DEMANDES DE SCRUTIN PUBLIC ET DE SUSPENSION DE SÉANCE
Les demandes de scrutin public déposées par un président de groupe n’ont effet que si sa présence est constatée en séance, au moment où est mis aux voix le texte ou l’initiative faisant l’objet de la demande ; la même obligation de présence personnelle est exigée du membre du groupe à qui son président a personnellement délégué son droit de demander des scrutins.

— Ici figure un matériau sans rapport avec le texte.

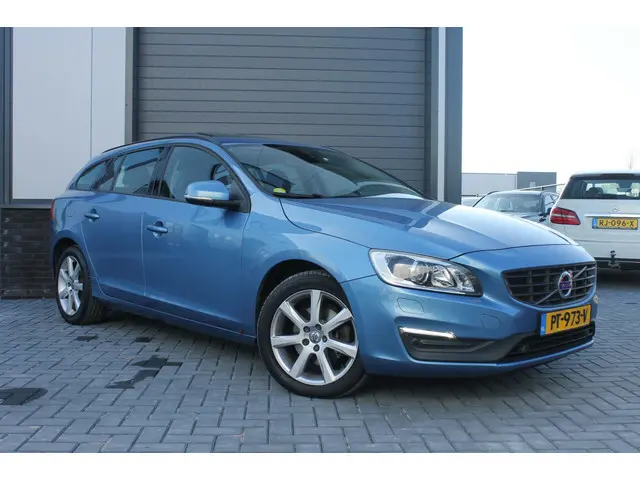 Volvo V60 2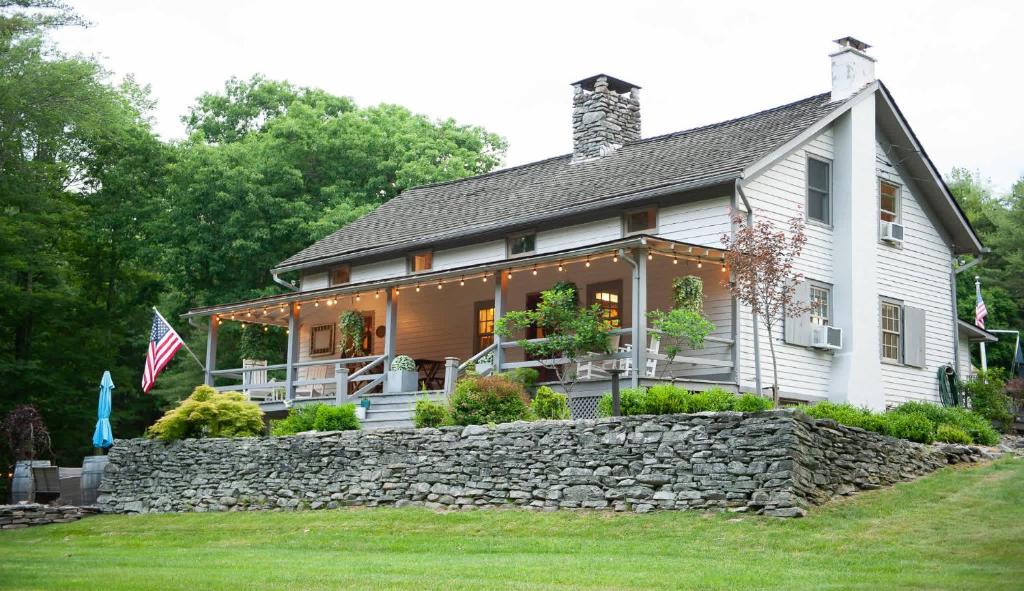 Zahrada ubytování Historic Winery Farmhouse by Lake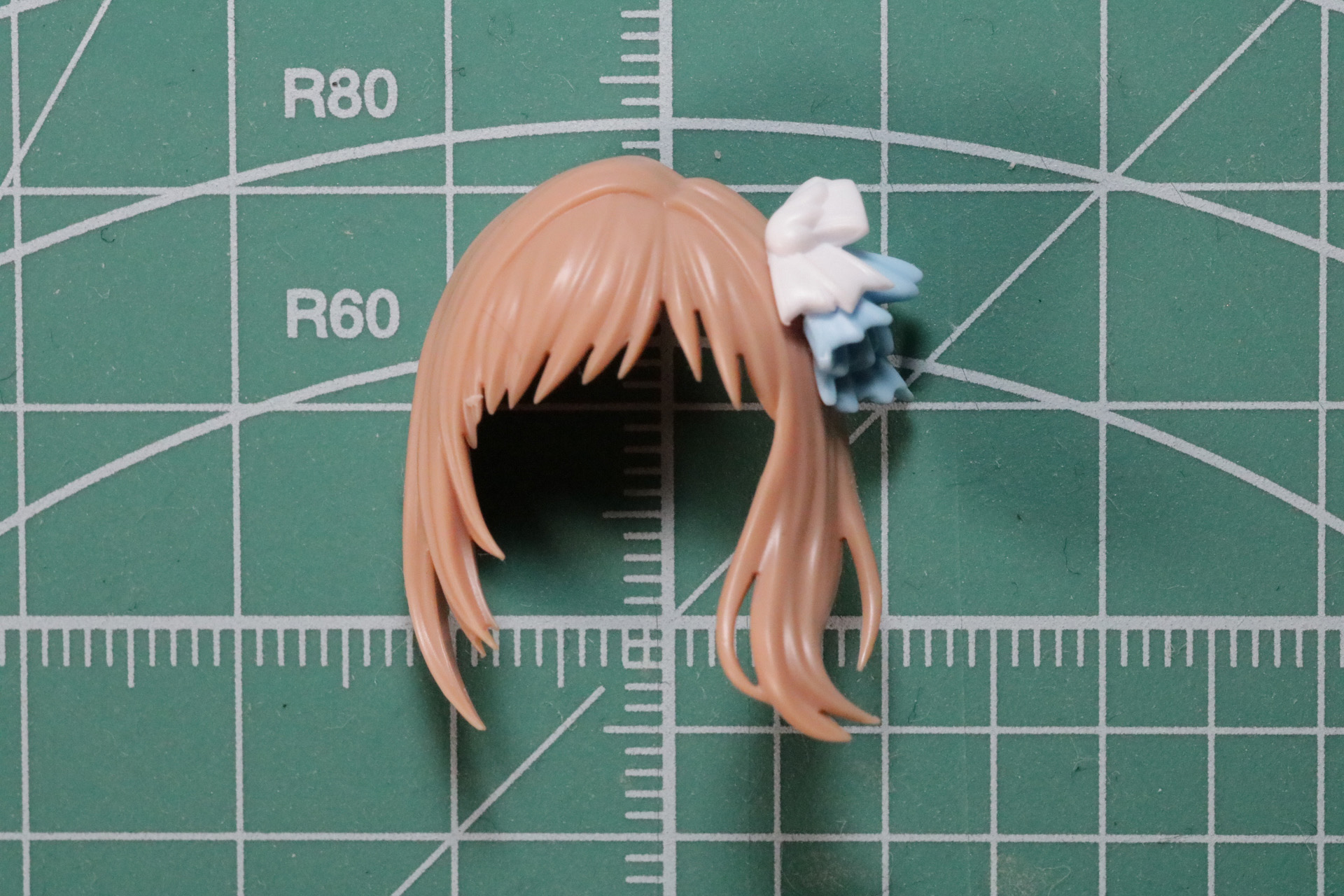 前髪は髪飾りのついたものがあり、組み立てることで表現が可能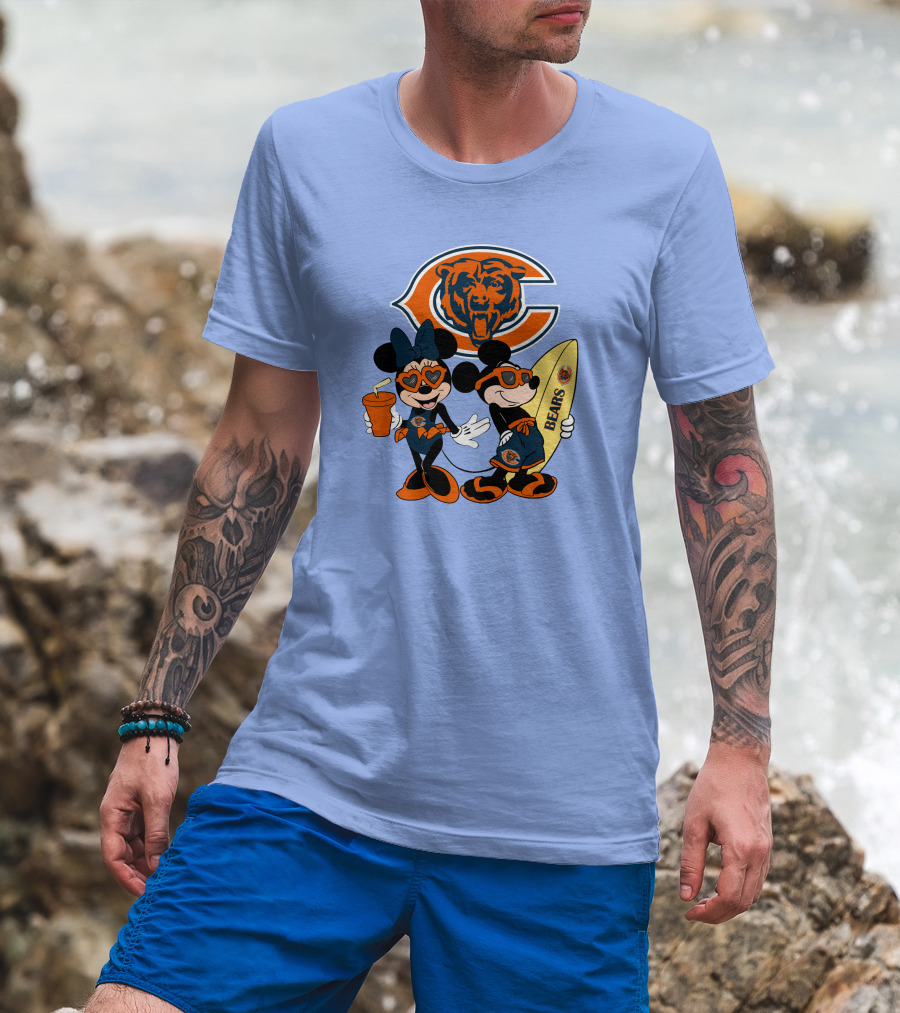 Bears Mickey Happy Vacation Chicago Football Theme Minnie And Mickey Beach Fun T-Shirt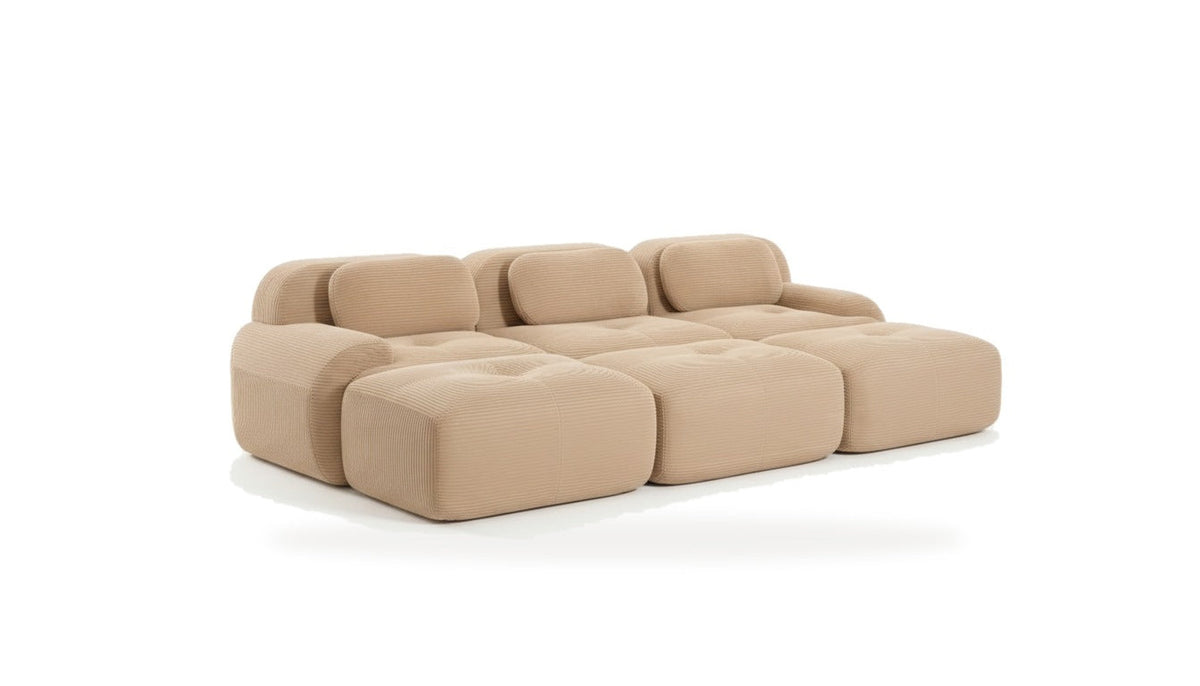 Canapé profond 3 places beige, vue de trois quarts sur fond blanc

La notification au Président de l’Assemblée par un président de groupe, du nom du membre du groupe à qui il délègue personnellement son droit de demander un scrutin public, doit être faite par écrit et indiquer la durée de la délégation, faute de quoi celle-ci est considérée comme faite pour le jour de séance de la notification. Toute nouvelle délégation annule la précédente.
La délégation du droit de demander un scrutin public est réputée valoir, sauf indication contraire, délégation du droit de demander une suspension de séance dans les conditions prévues à l’article 58, alinéa 3, du Règlement.
MODES DE VOTATION
1° Délégation du droit de vote.
Les députés ne sont autorisés à déléguer leur droit de vote que s’ils déclarent par écrit se trouver dans l’un des cas visés par l’ordonnance no 58-1066 du 7 novembre 1958 précitée.
Conformément à l’article 62, alinéa 3, du Règlement, les délégations doivent être rédigées au nom d’un seul député nommément désigné. Elles peuvent être notifiées sur des supports informatiques compatibles avec le système de vote électronique. Sous réserve de l’appréciation du président de séance, les délégations cessent d’être enregistrées dès l’annonce du scrutin.
S’il s’élève une contestation sur la délégation, le Bureau est appelé à statuer.
Les délégations du droit de vote ne peuvent avoir effet pour un scrutin secret.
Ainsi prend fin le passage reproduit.